#### [About this exercise]
As written and without pictures, set down the lines from the one that contains "Udupi Deluxe Lodge" through the end of the data.

#### [Recorded data]
++++

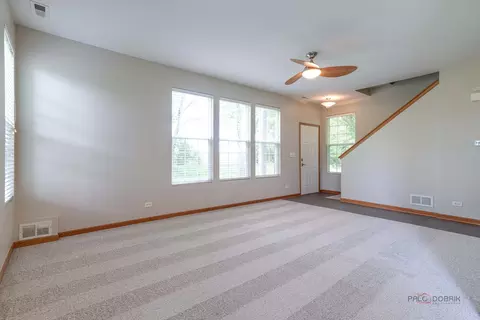 Living - 2636 Pondview Dr, Algonquin, IL 60102 photo 2 of 6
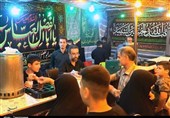 اوج ارادت بیجاریها به امام حسین(ع)/پذیرایی روزانه از 30 هزار زائر+فیلم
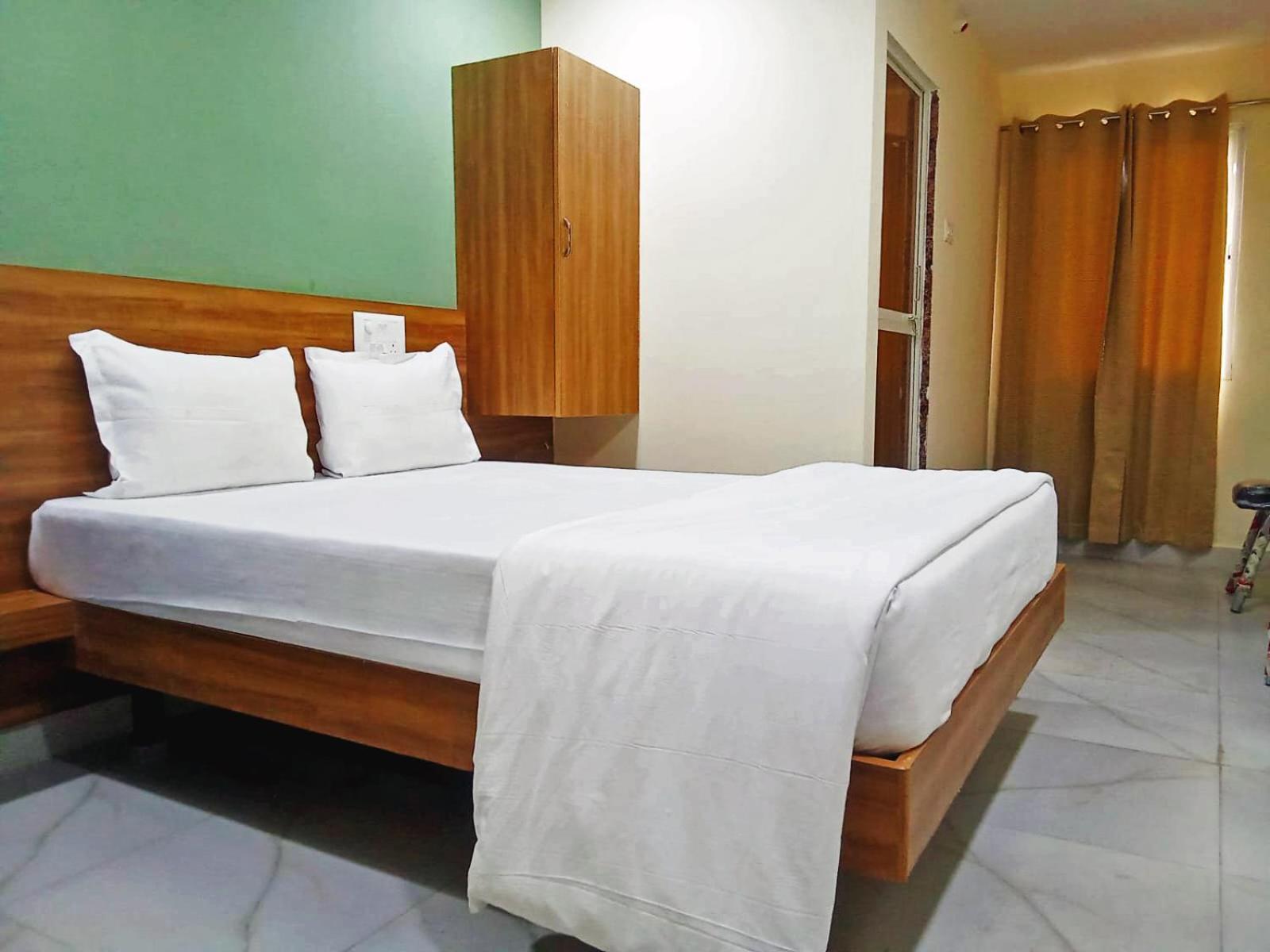 Udupi Deluxe Lodge Gulbarga Kalaburagi Exterior photo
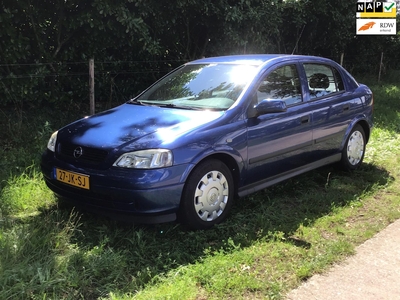 OPEL ASTRA 1.6 Edition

++++

#### [Reply]
 Udupi Deluxe Lodge Gulbarga Kalaburagi Exterior photo
 OPEL ASTRA 1.6 Edition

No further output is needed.